Hale Irwin

Hale Irwin was a competitive PGA Tour player into his 40s. See more  pictures of the best golfers.

Only four players -- Willie Anderson, Bobby Jones, Ben Hogan, and Jack Nicklaus -- have won more U.S. Opens than the three claimed by Hale Irwin.

In fact, along with those four (who won four Open titles apiece), Irwin is the only other man with more than two. He took the national championship in 1974, 1979, and 1990, in the latter year becoming the oldest man, 45, to take the title.


It is fitting that the U.S. Open, where conditions are most difficult, should represent Irwin's crowning achievement; he has always been at his best on tough courses.

Among his 20 PGA Tour victories, Irwin has won on such renowned courses as Harbour Town, Butler National, Riviera, Pinehurst No. 2, Muirfield Village, and Pebble Beach. He is a relatively short hitter, a fine long-iron player, and a tough competitor; he is at his best when par is a good score.

Irwin, a native of Missouri, fueled his competitive drive as a football player at the University of Colorado, where he was an all-conference defensive back. He also won the 1967 NCAA golf championship.

Irwin joined the Tour in 1968 and had two career wins before the 1974 U.S. Open. Irwin emerged there, surviving the "Massacre at Winged Foot," to win with a 7-over-par total. He won his second Open, at Inverness, at even par.

Irwin's third Open win came in very different fashion.
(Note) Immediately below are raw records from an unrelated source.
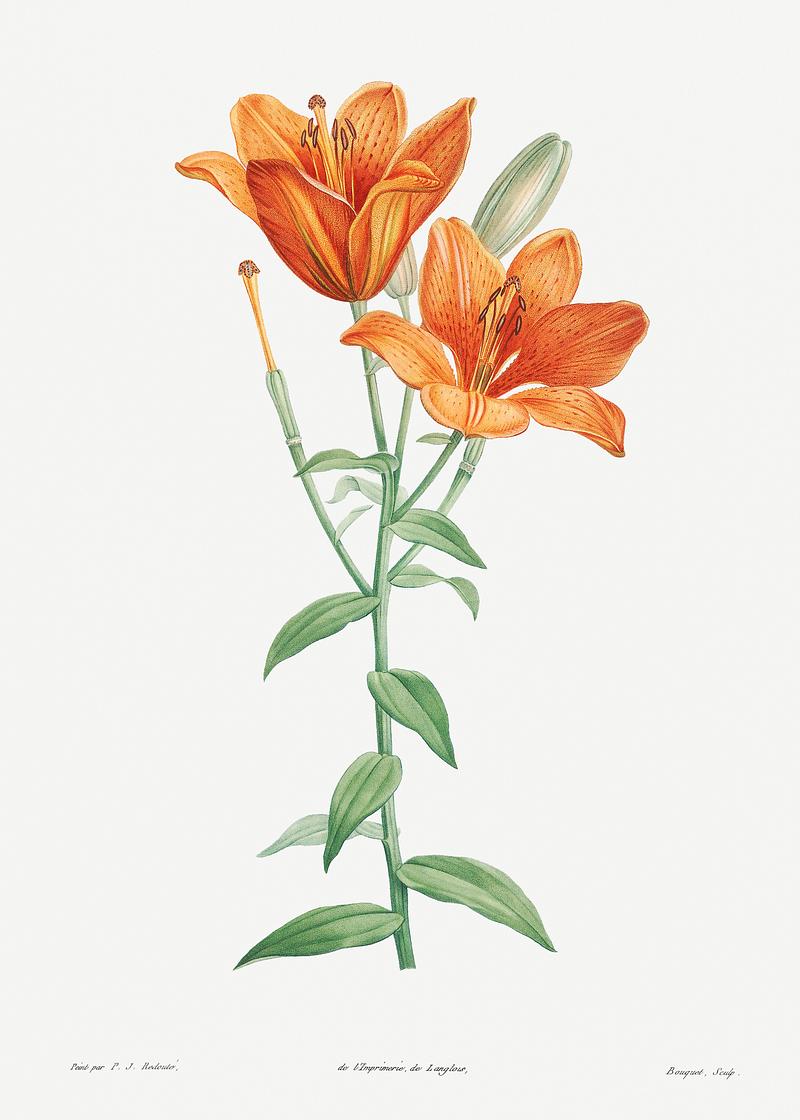 Orange bulbous lily Orange bulbous lily from La botanique de J. J. Rousseau by Pierre-Joseph Redouté (1759–1840). Original from the…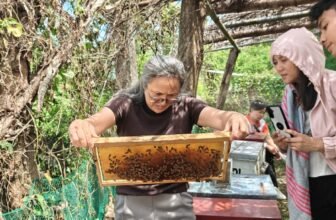 Bacnotan apiculture industry gets boost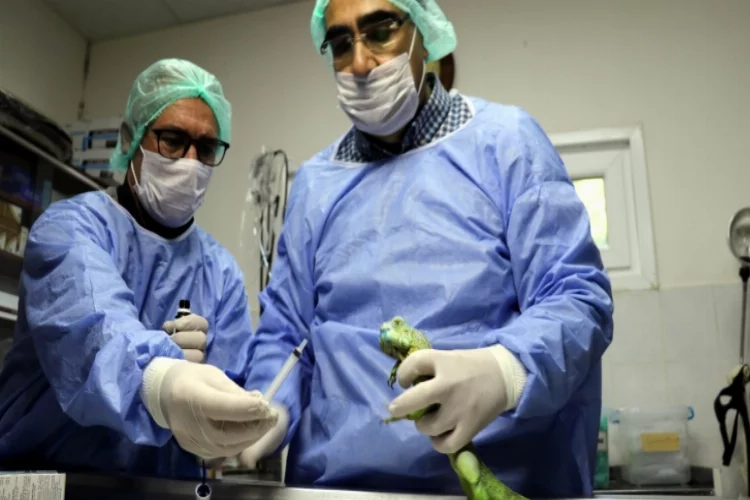 Çenesinde tümör bulunan iguana ameliyat edildi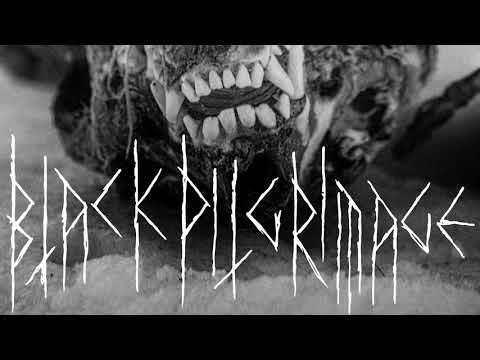 Black Pilgrimage - Contaminated By Evil  (Official audio)
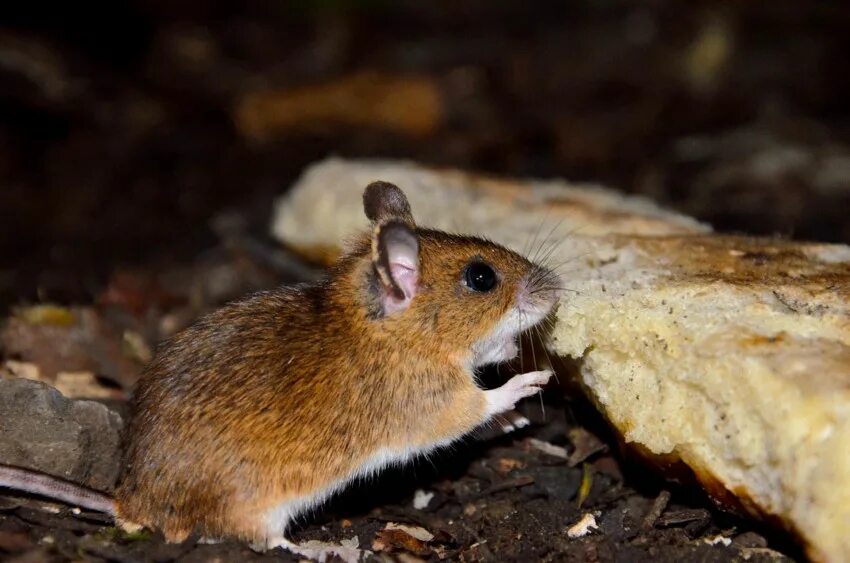 Лесная мышка полевка. Желтогорлая Лесная мышь. Лесная мышь (Apodemus sylvaticus). Восточноазиатская мышь Apodemus peninsulae Thomas, 1907. Лесная мышь животное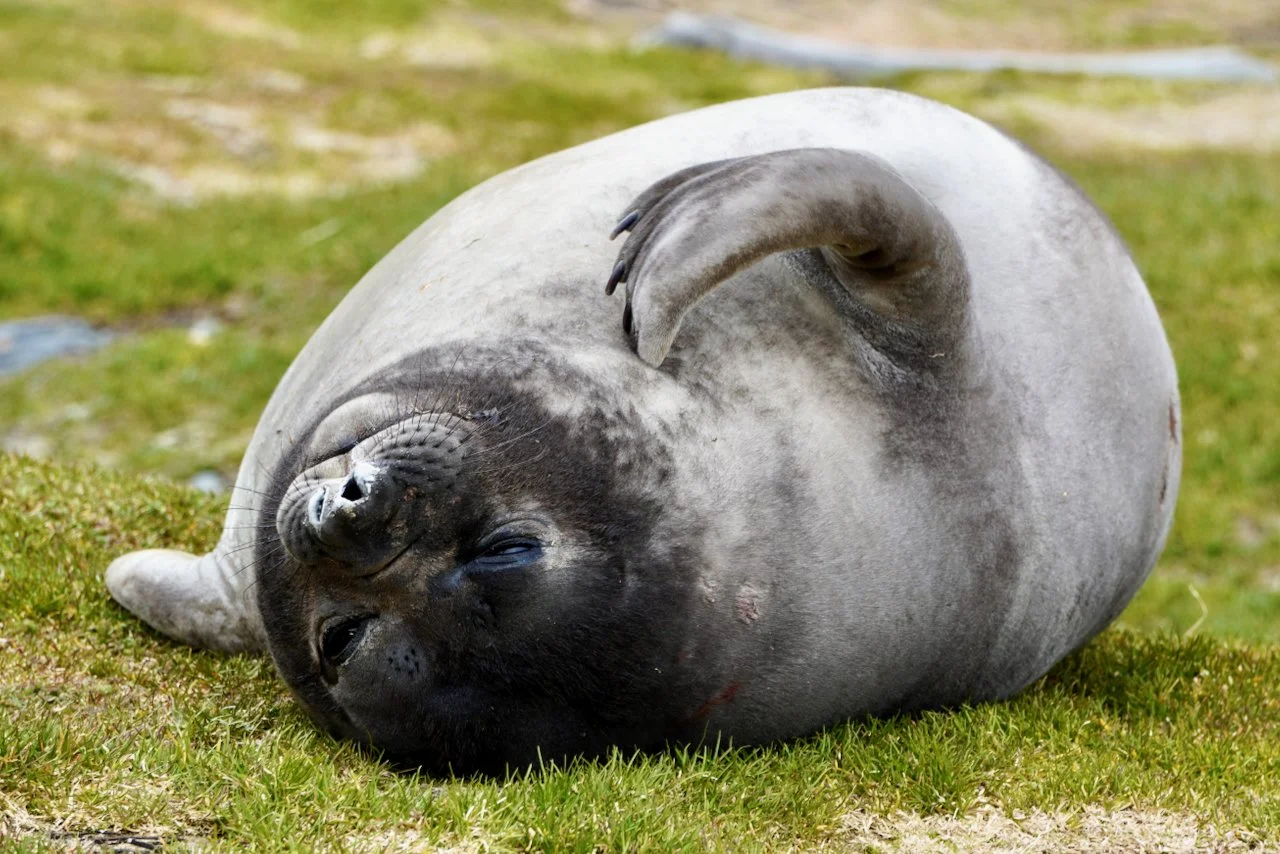 Grytviken South Georgia - 63.jpeg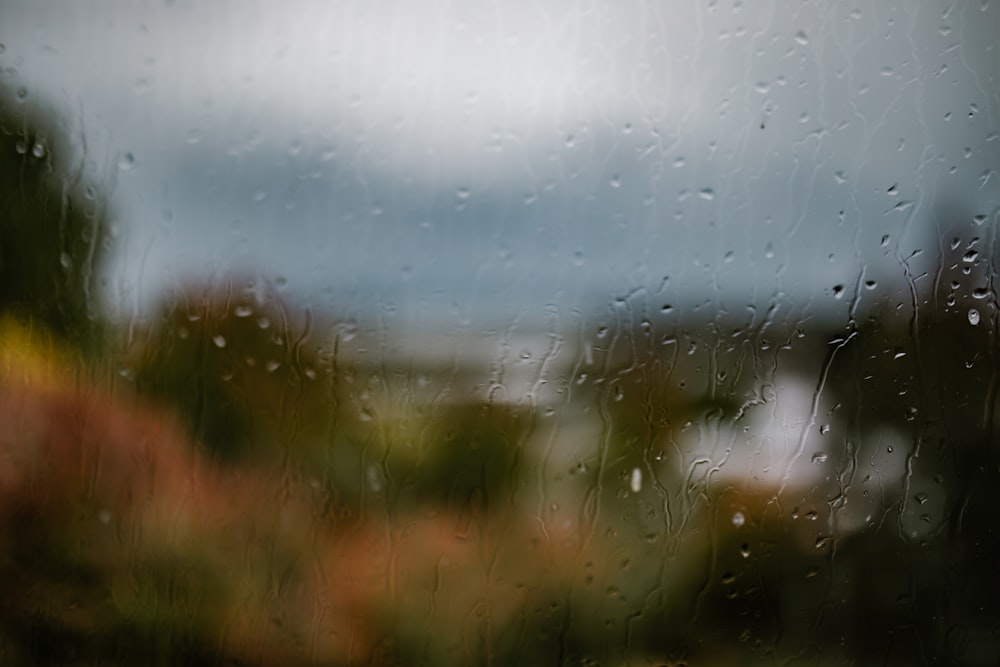 macro photography of water drops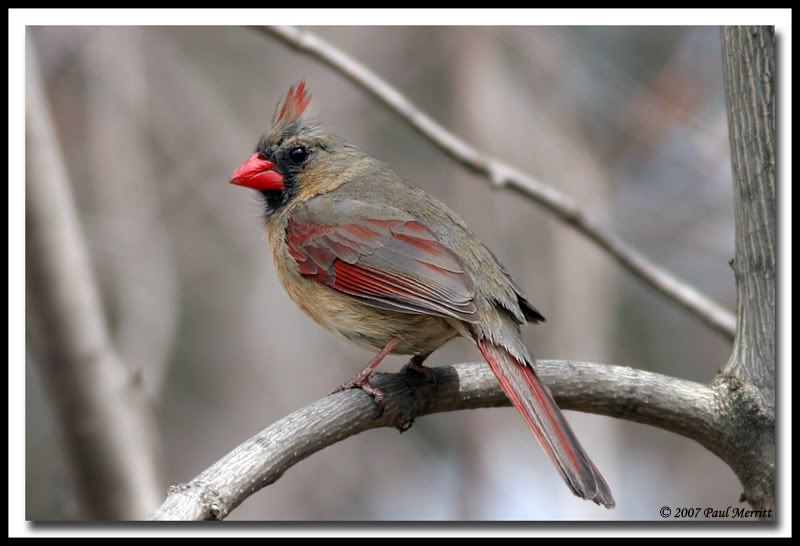 IMAGE: http://i60.photobucket.com/albums/h33/Airedale1/card24.jpg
He was tied for 20th place, four strokes behind, entering the final round, but closed with a 67 that included a sizzling 31 on the back nine at Medinah.

A 45-foot birdie putt on the 18th hole ultimately put him in a playoff with Mike Donald, which Irwin won with a sudden-death birdie on the 19th hole.

Though he didn't win any other majors, Irwin was one of the top players in the game for a long period. He won at least once in all but two years from 1973-85 and finished among the top 10 money winners eight times in his career. He made 86 consecutive cuts from 1975-78, the third-best streak in history.